Method 200 may then proceed to step 250. At step 250, relevant diagnostic commands, logs, debugs, etc. are associated for the top CPU consuming packets and processes. Next, at step 260 the gathered information may then be used to create baselines, establish thresholds and provide alerts. This functionality may now be coded into the system itself and the associated component devices.
Method 200 may then be repeated for other assessment standards which have high correlation to catastrophic customer network impacting events, such as mass state transitions effecting customer or end user business value. An example would be mass port transitions with policy-based access control, rendering large numbers of users unable to access their own network, critical devices or essential services. A similar example would be wide spread shutting down of power to end user devices during normal business hours.

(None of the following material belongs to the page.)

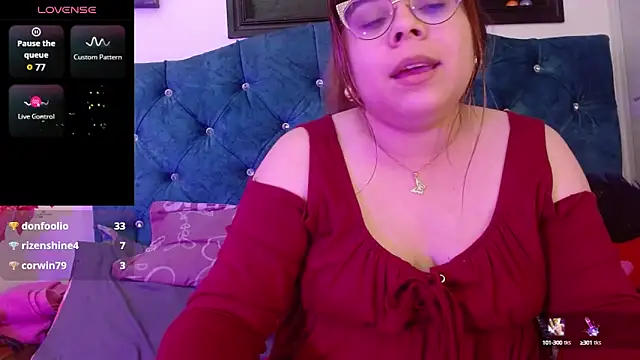 Snapshot of EmmaCoxx chatting on January 13, 6:38 pm EmmaCoxx online show from January 13, 6:38 pm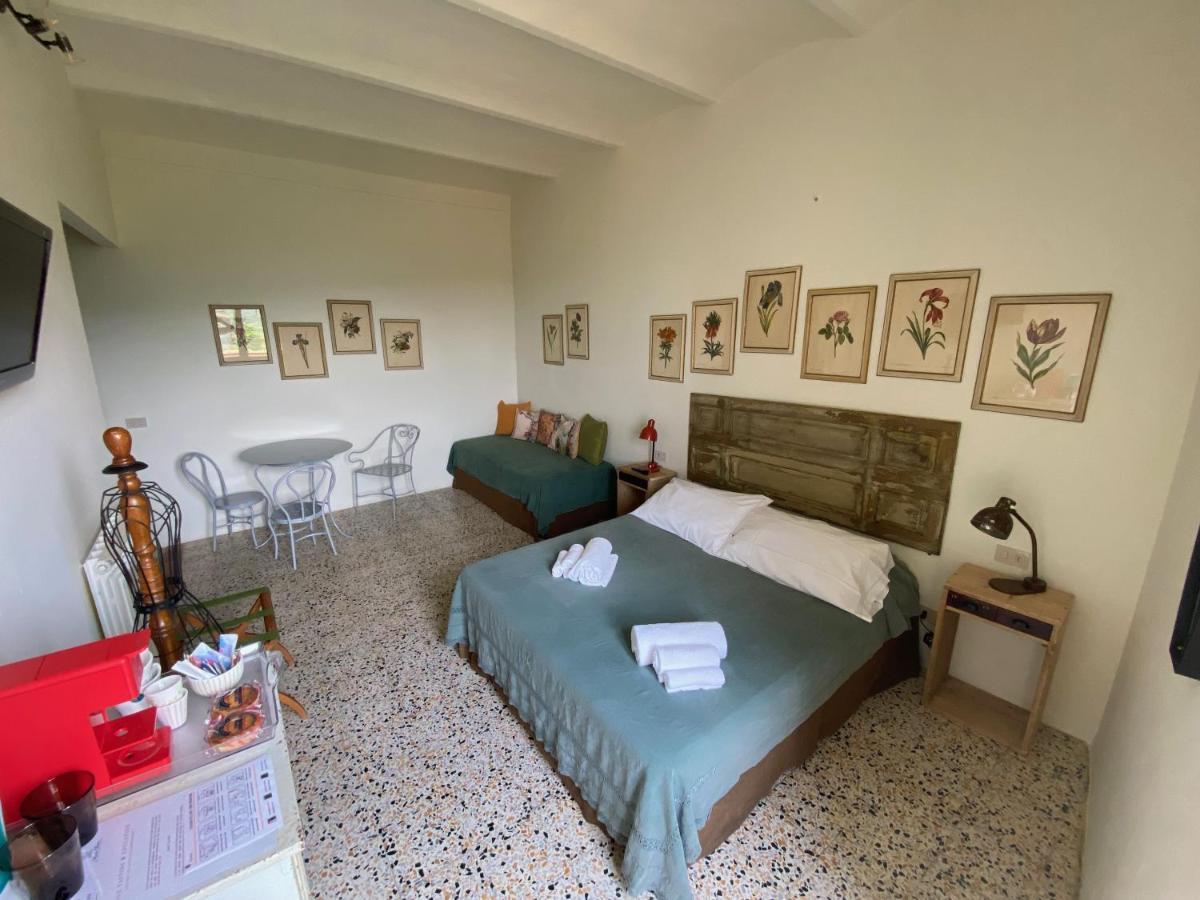 Rooms&Wine al Castello Monteriggioni Buitenkant foto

In embodiments of the present disclosure, method 200 may further proceed to step 270. At step 270, once the baselines and thresholds have been established using all of the available information, the system may switch from a learning mode to an operating mode. When in operating mode, the system employs the established baselines as a template to be used for measuring current operating conditions.
Once the system is deployed to a particular customer, automated code may be created on the system itself and within key component devices that activates when high consumption of CPU resources is detected. This could occur on an individual process level and well below a critical level of consumption for overall device operation. When high CPU consumption is detected, method 300, as illustrated in FIG. 3 may be executed.
Method 300 may begin at step 310 where a detected offending process may be recorded. When an offending process is detected and recorded, method 300 may proceed to step 320. At step 320, control traffic destined to the CPU and associated with the offending process may be captured. In some embodiments, this would not be all traffic, but a representative sample of the traffic.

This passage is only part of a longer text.